O que este homem fez foi pagar milionariamente (com a conivência da CMTV, CNN e TVI) para atentar contra um direito fundamental da mulher que é a possibilidade de decidir sobre o seu corpo e sobre a sua própria vida, sem incorrer no risco de “morte no vão de escada” ou de ser presa em países onde predominam pessoas como esta, que criminalizam as mulheres que interrompem voluntariamente a gravidez.
2 Junho 2025, 07h15

Não tecerei mais do que isto sobre a pessoa em causa (que desconheço para além de ter patrocinado uma das mais vergonhosas campanhas a que assisti na TV nos últimos tempos. O que este homem fez foi pagar milionariamente (com a conivência da CMTV, CNN e TVI) para atentar contra um direito fundamental da mulher que é a possibilidade de decidir sobre o seu corpo e sobre a sua própria vida, sem incorrer no risco de “morte no vão de escada” ou de ser presa em países onde predominam pessoas como esta, que criminalizam as mulheres que interrompem voluntariamente a gravidez.
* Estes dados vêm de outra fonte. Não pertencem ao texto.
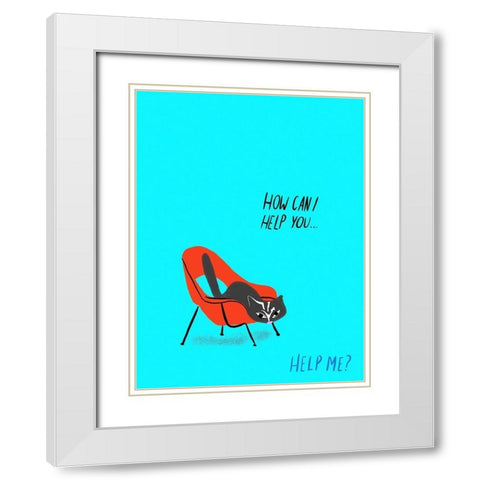 Mod Cats III White Modern Wood Framed Art Print with Double Matting by Blanckslate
Este, é mais um exemplo expressivo do discurso de ódio contra as mulheres, normalizado nestes tempos funestos por forças políticas partidárias de extrema direita e por um ror de misóginos que desvalorizam as mulheres, ao ponto de as objectificar, humilhar e, mais grave, as matar – criminalizar o aborto é uma forma indireta de feminicídio, que se comprova pelo facto de que desde que se legalizou a IVG em Portugal não só os abortos diminuíram, como nunca mais morreram mulheres por abortos clandestinos, nem comprometeram  a sua saúde e fertilidade.

Vamos a lá a esclarecer, e de forma simples, o seguinte:

– A interrupção voluntária da gravidez é um direito e está legalizada em Portugal (Lei n.º 16/2007, de 17 de abril).

– O corpo e a decisão sobre o seu próprio corpo é exclusivamente da mulher!

– Toda e qualquer mulher tem o direito de decidir se quer e quando quer ser mãe!

– Nenhuma mulher tem a obrigação de ser mãe! A maternidade é uma escolha!

– Toda e qualquer pessoa tem direito à pluralidade das vivências e de decisões próprias.

O anúncio além de ser grotesco, insultuoso e ofensivo para tantas mulheres (insinua mesmo que são assassinas), é de uma desonestidade, preconceito e de uma hipocrisia moral abjeta. Quantos milhões empreendeu este homem e as televisões que lhe deram palco na defesa da saúde e segurança das mulheres? Ou na defesa da dignidade de vida de todas as crianças que nascem para que não sejam vítimas da fome, e da privação de direitos elementares como a educação e a saúde? Que campanhas fizeram contra a violação de mulheres, para que este crime seja assumido como crime público no nosso país? Quantos milhões empenharam na campanha de prevenção do cancro do útero e da mama, promovendo a vacinação contra o HPV em todas as meninas a partir dos 12 ou 13 anos? Quantos milhões investiram na prevenção e combate à violência doméstica e outras violências contra as mulheres, incluindo as idosas, e crianças?

O anúncio de mensagem claramente política e ideológica, transmitido fora de contexto de tempo de antena de Campanha ou Referendo, transgride certamente a lei regulada pela ERC, da TV e demais serviços audiovisuais, assim como o Código da Publicidade (Decreto-Lei n.º 330/90) que proíbe publicidade com conteúdos discriminatórios ou ofensivos, nomeadamente contra a dignidade das mulheres.

Este anúncio não se trata de liberdade de expressão como se quer fazer passar em alguns sectores, mas precisamente de um abuso à liberdade individual de cada mulher e para tal recorre-se à instrumentalização de meios de comunicação para um maior alcance de uma doutrina ultraconservadora e reacionária que abomina as mulheres e os seus direitos humanos, e por tal nem se importam de perigar a própria saúde pública que é também o que está aqui em causa.